Technique & Materials

The exacting hours at the easel are about keeping those inspired moments pure. Technique is about building a usable vocabulary that helps me explain my perceptions. Being knowledgeable in the correct applications of materials and using them in a craftsman-like manner extends my proficiency in keeping the inspired vision alive. It also helps connect me to the lineage of artists who got out of the studio and saw the significant power of Nature and tried to render their observation with really very humble and native stuff; linen, linseed oil, earth and natural pigments, wood, and hair. To draw from that is no mean feat and a constant challenge.

Influences

I have built a visual language around the painters of the 19th century American and European work that reflects similar concerns. They raised questions about the relationship of man and Nature and those questions are still valid, if not urgent, with increasing pressures from development and destruction of species and habitat.

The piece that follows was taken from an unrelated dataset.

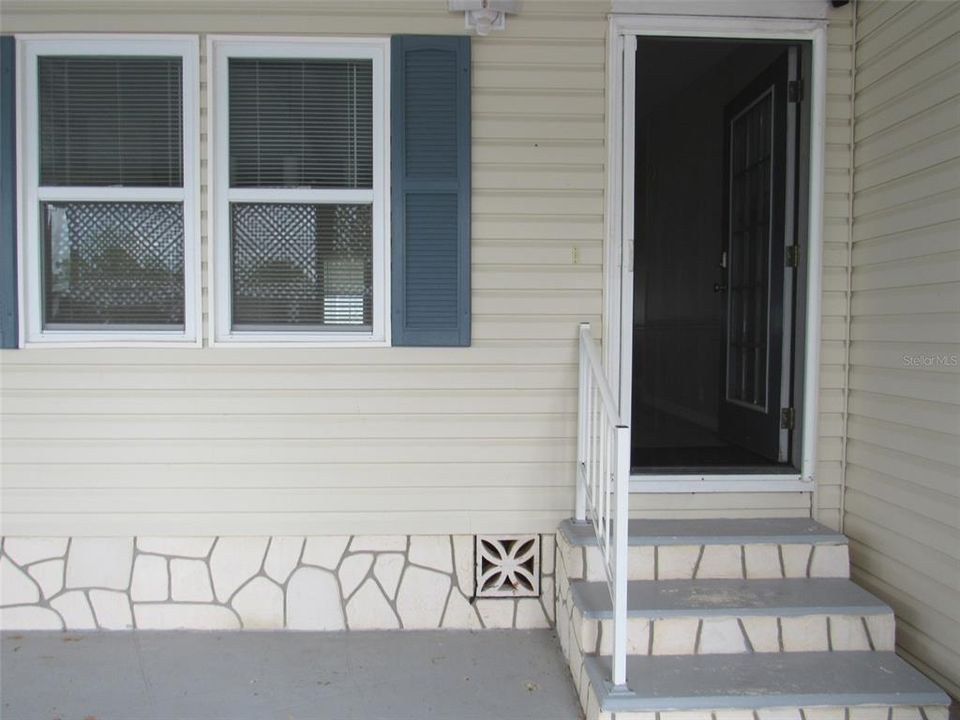 合同活跃: $209,900 (3 贝兹, 2 浴室, 1568 平方英尺)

These influences include the Barbizon, Hudson River School, Dusseldorf School of German Naturalism, and especially Ivan I. Shiskin, the premier Russian landscape artist. While I attended art school at the Ringling College of Art and Design in Sarasota, Florida, I had to go my own way to be able to paint the way I intuitively sensed would serve my vision. Since the dominant mode of instruction was expressionist and non-objective in the mid 1980’s, I increasingly found I had to go outside of that academic environment to find what I needed and wanted by way of technical information and to develop my own way.

Foundations

Ultimately, I see myself as an American artist with roots that go deep in many directions. My family heritage is grounded in the southeast; one of my great-grandfathers was a cabinet maker who moved in 1842 from Germany to settle near Macon, Georgia. My grandfather took up photography very early and had his own commercial photography studio in old Cedar Key, Florida. My father and mother both worked in his studio (she hand colored portraits). They later had a photo-engraving business, so image making was part of family life. My mother’s grandfather was a blacksmith from Vermont: her father became an automobile mechanic during the transition from horse to roadster. I became more interested in drawing, fascinated by the challenge of rendering what I see, but grounded in a context of careful use of tools and materials and sensitivity to visual culture.